Cerrar un negocio no es una decisión que tomaría cualquiera. Pero Daniel Abruñedo, propietario del restaurante El Cotarro, no dudó cuando vio la tragedia de Valencia. Desde Oleiros, le movió la empatía: “Nos puede pasar a cualquiera. Simplemente fue lo que te pide el cuerpo. Y está en tus manos que, a unas horas cruzando un país, puedas ayudar a gente que de verdad lo necesita”.
Una conversación fue el inicio de todo: “Si nosotros nos podemos permitir cerrar unos días y simplemente perder facturación, no vamos a cambiar nada de nuestra vida y, sin embargo, sí podemos cambiar la vida de otra gente”. Con esa reflexión, cinco amigos y empleados de El Cotarro emprendieron un viaje de cuatro intensos días.

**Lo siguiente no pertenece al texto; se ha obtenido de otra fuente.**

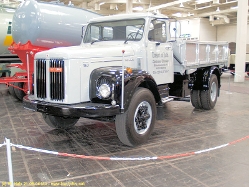 Scania-L-110-Super-Ulinsky-230906-02
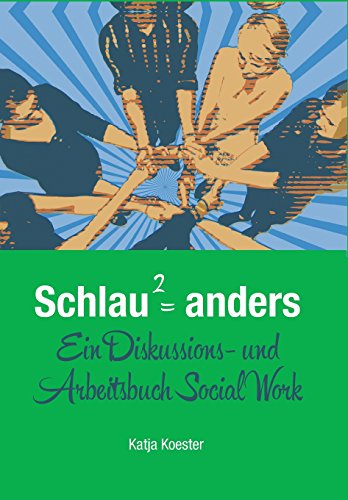 Schlau Quadrat = anders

Partieron el martes 5 de madrugada, nada más terminar el turno, pero se equiparon antes de salir. Clientes, allegados e incluso personas que no conocían también se acercaron al local con bolsas llenas de ayuda para los afectados. “Nosotros miramos lo que hacía falta y llevamos rastrillos, palas y botas de más para dar a la gente de allí. Y el último día, todo lo que nosotros usábamos se lo dimos”, cuenta el dueño del restaurante de Santa Cruz.

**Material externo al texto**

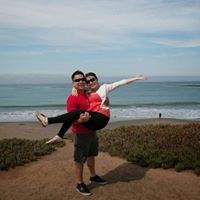 Paul Dinh Photo 27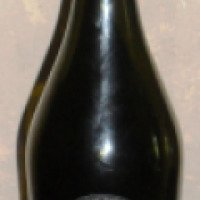 Вино игристое полусухое Кубань-вино "Шато Тамань" Мускатное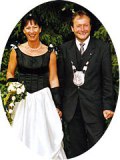 paar_99_2000
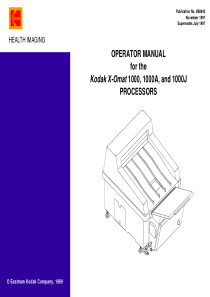 Kodak_X-Omat_1000_-_User_manual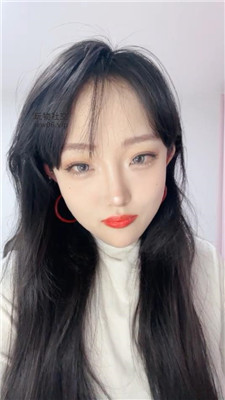 【酥麻麻】羞辱盯    250201-12-绳艺套路资源网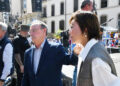 Festival-Scout-Ceuta-2026-013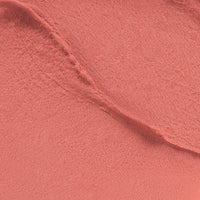 CLIO Volumate Blur Tint – 3.8g | Available in 12 Shades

En Valencia, lo que llevaban lo repartieron ellos mismos. “Nosotros cargábamos cada día un poco y simplemente andando por la calle ya veíamos a una abuela con su nieto o a una madre con su hijo y le dábamos algunos juguetes. Si veíamos que era gente mayor, le dábamos mascarillas, si iban con un carrito, pañales o alimentos... Lo que fuese”, explica.
En la zona de la catástrofe, recorrieron varios pueblos, orientados por unos amigos bomberos que ya trabajaban allí. “Lo que más impactaba era ver la ciudad. Para mí es, hablando mal, exactamente igual que un ataque nuclear. A nivel suelo, todo estaba destrozado”, asegura.

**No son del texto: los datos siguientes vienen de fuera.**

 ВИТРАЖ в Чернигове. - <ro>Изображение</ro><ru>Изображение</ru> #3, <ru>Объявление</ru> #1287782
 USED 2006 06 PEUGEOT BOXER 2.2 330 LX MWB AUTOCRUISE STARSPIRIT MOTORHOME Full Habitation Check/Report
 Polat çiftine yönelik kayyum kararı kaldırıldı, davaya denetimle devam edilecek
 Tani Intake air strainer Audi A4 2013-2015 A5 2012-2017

Su labor allí fue muy física y, aunque al principio iban un poco perdidos, cuenta que la gente de allí también les guiaba. “Al final das la vuelta a la manzana, preguntas y ya la gente del pueblo te dice. De toda la gente que nos hemos cruzado, el 90% estaba ayudando porque sí. Y eso es lo que tanto hace falta. Nadie fue allí a buscar nada a cambio”, afirma.
Pero quizás lo que más le llegó fue ver a las personas de allí y le sorprendió la entereza que demostraban: “Nosotros trabajamos mano a mano con el dueño de un garaje que lleva ocho días currando. Una persona que sigue entera, viendo todo lo que ha perdido...”, lamenta Abruñedo.
La generosidad del pueblo también se convirtió en anécdota. Cuando llegaron, muchos alojamientos estaban completos y encontraron una casa rural para dormir unas horas. Al irse, la dueña no les quiso cobrar: “Nos dijo que como ella no podía ir a ayudar, ayudaría a quien iba”.
Abruñedo aprovechó para hacer un llamamiento de ayuda: “Hace falta más, en unos meses eso no está bien”. Y si una lección le deja esta experiencia es que “polvo somos y polvo seremos. Hay que darse cuenta de que hay valorar lo poco que tengas porque cualquier día te lo llevan”.